Zaccara, investigador del think tank New Ground Research y conocedor profundo de la región tras años de trabajo de campo en Irán, describió una atmósfera de agotamiento. "Ya estamos un poco cansados de esta situación; llevamos una semana de ataques constantes y se empieza a notar", señaló en diálogo con el programa Con sabor argentino. Según el académico, la dinámica social se ha visto alterada de tal forma que los niños han regresado a la modalidad de clases online, rememorando los tiempos más estrictos del Covid-19.
Uno de los aspectos más llamativos del relato de Zaccara es la disparidad en cómo se percibe el riesgo en las calles de Doha. Mientras el espacio aéreo permanece bajo estrictos protocolos y las noticias de ataques en países vecinos como Kuwait, Bahrein y Emiratos Árabes llegan minuto a minuto, la sociedad qatarí muestra dos caras opuestas.
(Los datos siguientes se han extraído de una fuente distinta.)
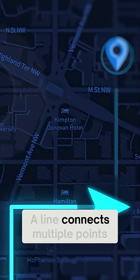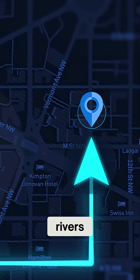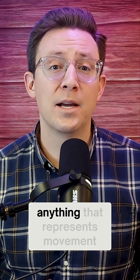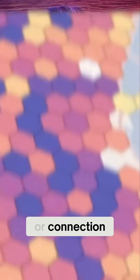A line connects multiple points — roads, rivers, even airline flight paths — anything that represents movement or connection.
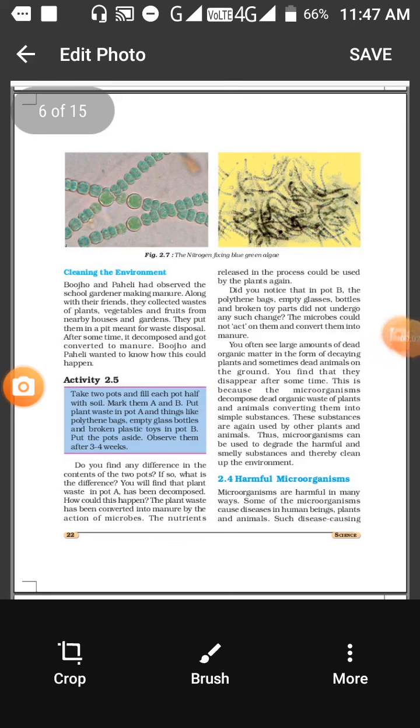The benefits of microorganisms are that they are useful in cleaning the environment. Microorganisms decompose the dead organic waste which is left in the soil. This organic waste would remain as pollution in the soil.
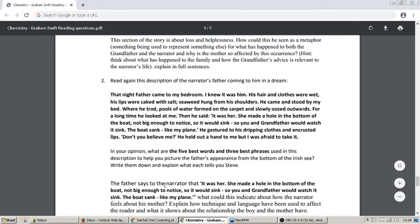Now number two — another extract. Read again this description of the narrator's father coming to him in a dream. 'That night, my father came to my bedroom. I knew it was him. His hair and clothes were wet. His lips were caped with salt. Seaweed hung from his shoulders. He came and stood by my bed. Where he trod, pools of water formed on the carpet and slowly oozed outwards. For a long time, he looked at me. Then he said: it was her. She made a hole in the bottom of the boat, not big enough to notice, so it would sink — so you and grandfather would watch it sink. The boat sank like my plane.' He gestured to his dripping clothes and encrusted lips. 'Don't you believe me?' He held out a hand to me, but I was afraid to take it.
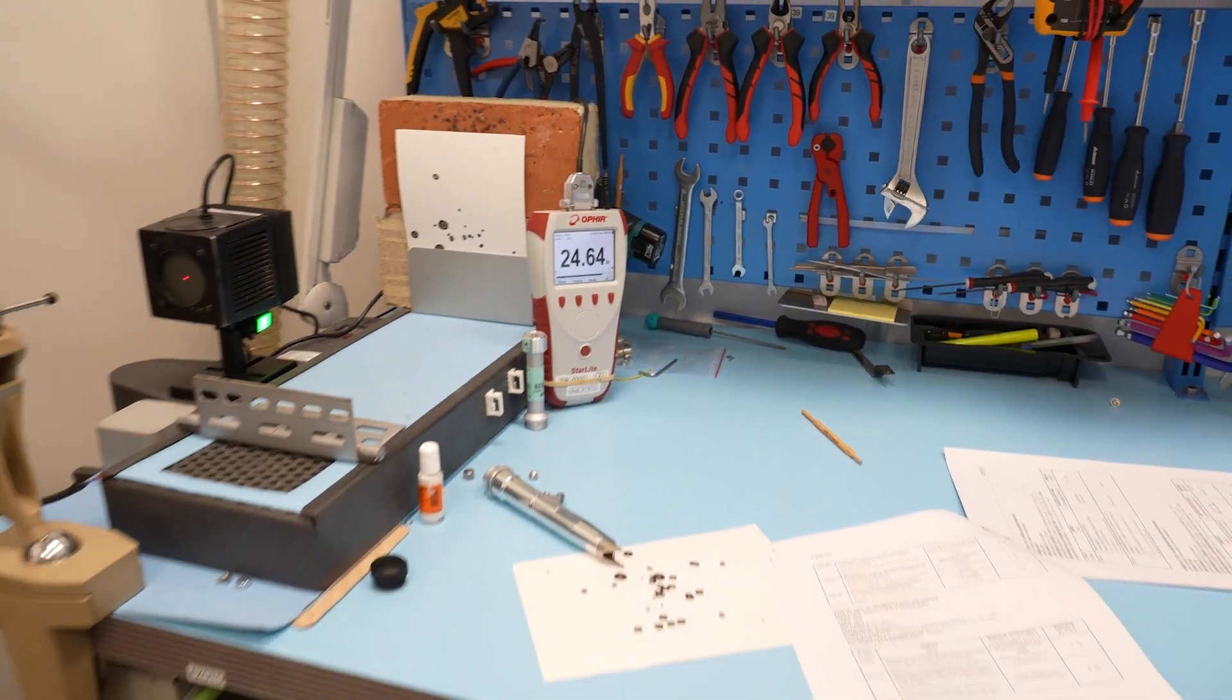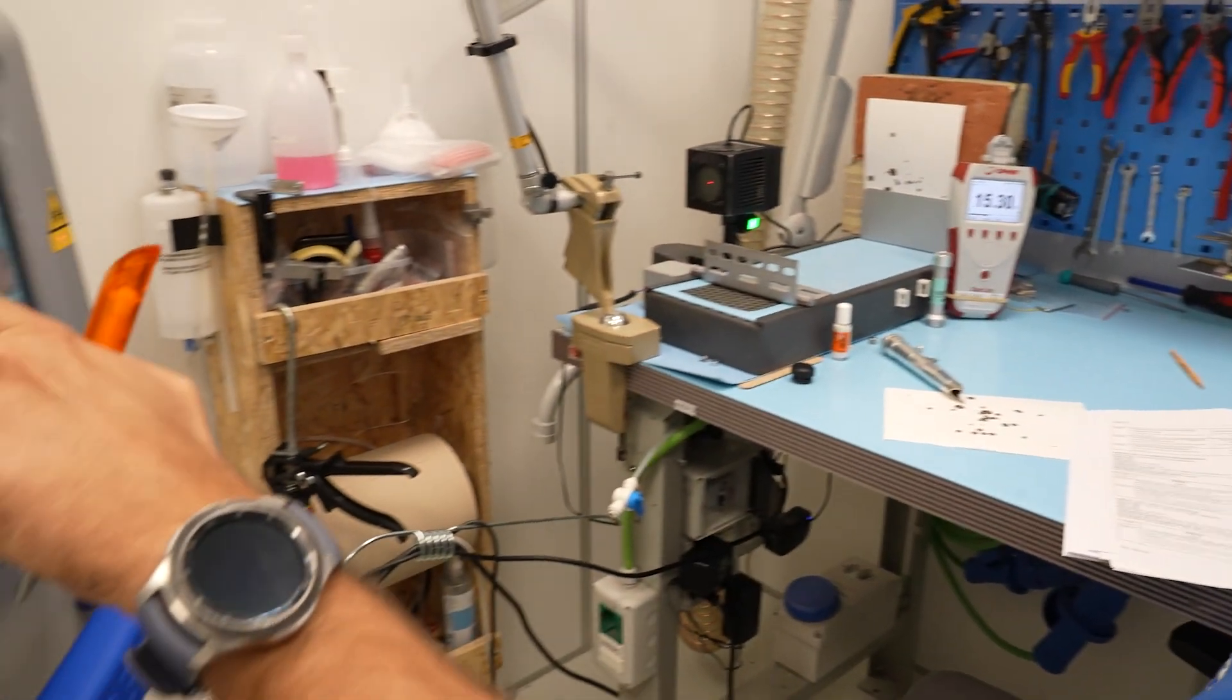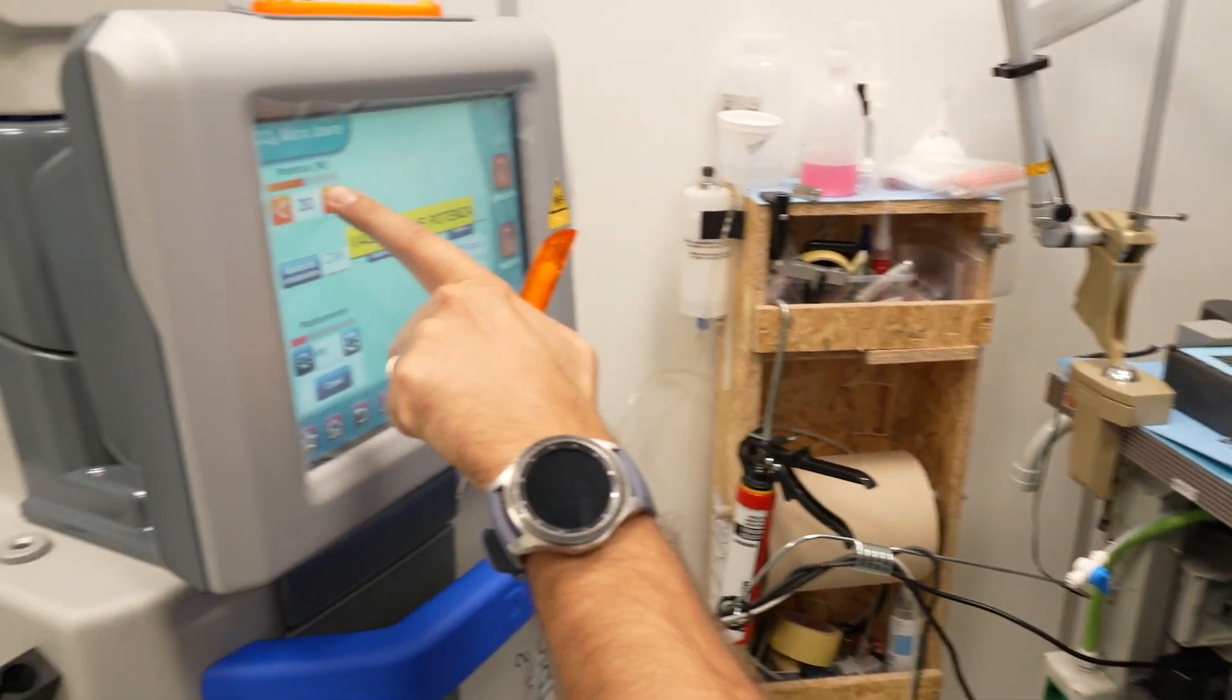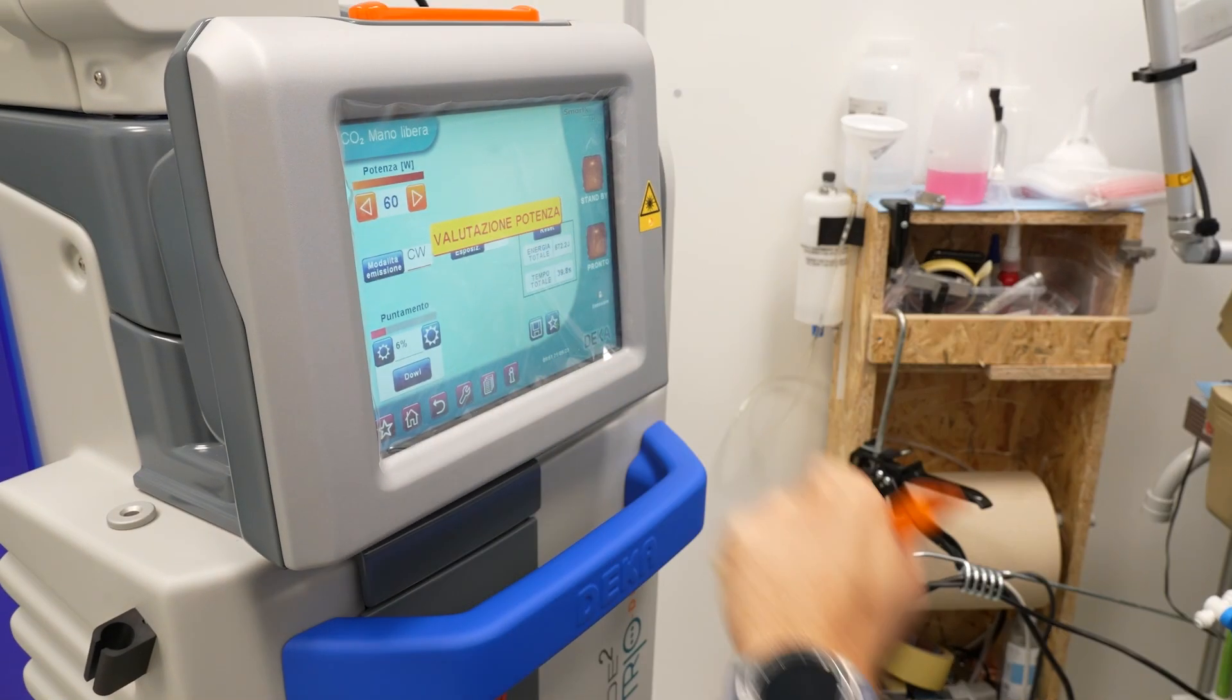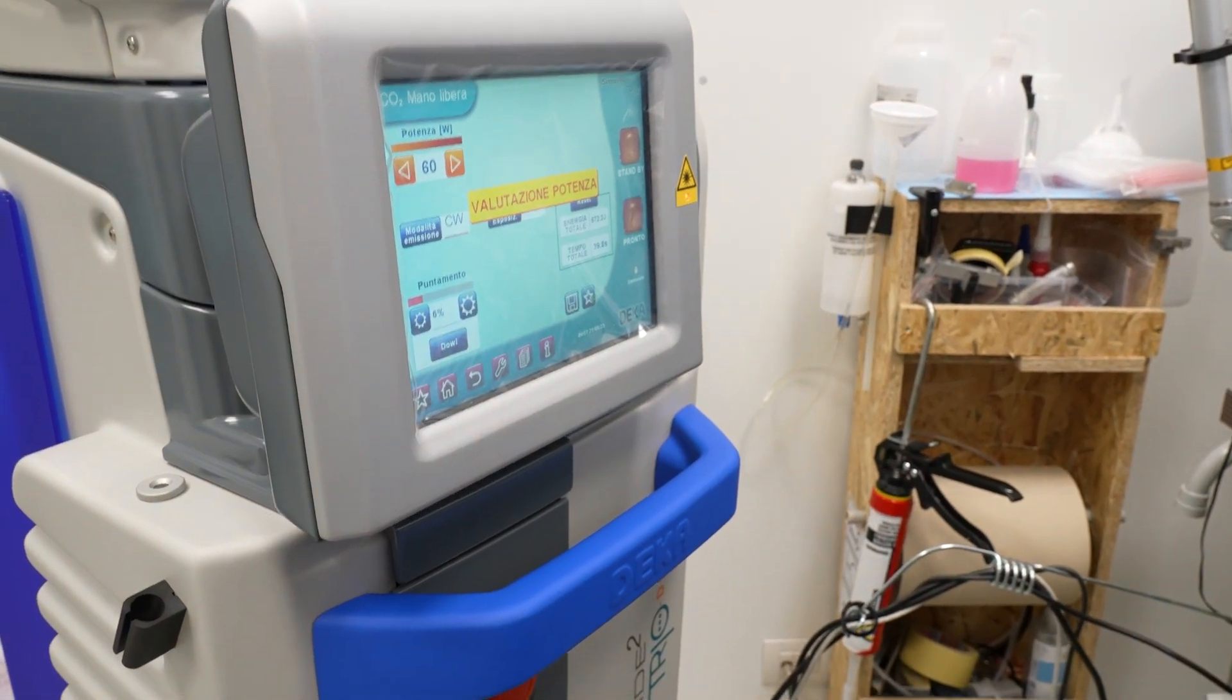The machine is set for 25 watts and the instrument verifies that 25 is the correct emittance.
"La gente sale a la tarde, cuando se rompe el ayuno del Ramadán. Hay gente que parece no haberse enterado que estamos en guerra y gente que está desesperada por irse", describió el investigador. Según detalló, en las redes sociales conviven "quienes lloran diciendo que los gobiernos los han abandonado y no los evacuan", con otros sectores que, ante la parálisis de actividades, "organizan fiestas todas las noches porque no tienen otra cosa que hacer; están medio de vacaciones".
Desde su perspectiva como especialista, Zaccara advierte que las alarmas y las intercepciones de drones y misiles se han vuelto parte del paisaje diario. "Todos los días tenemos alertas y al menos uno o dos episodios de intercepción. Ya no es tan fuerte como al principio, pero las noticias de los alrededores no son alentadoras", explicó respecto a la escalada en el Golfo.
Sobre el futuro del conflicto desatado tras la muerte del ayatollah Khamenei, el politólogo rosarino fue tajante: "Es una guerra de larga duración porque ambos bandos consideran que están en el lado correcto de la historia y van a combatir hasta el último momento", sostuvo, a la vez que afirmó que "Irán sabe que no va a ganar la guerra pero buscará causar todo el daño posible en la región".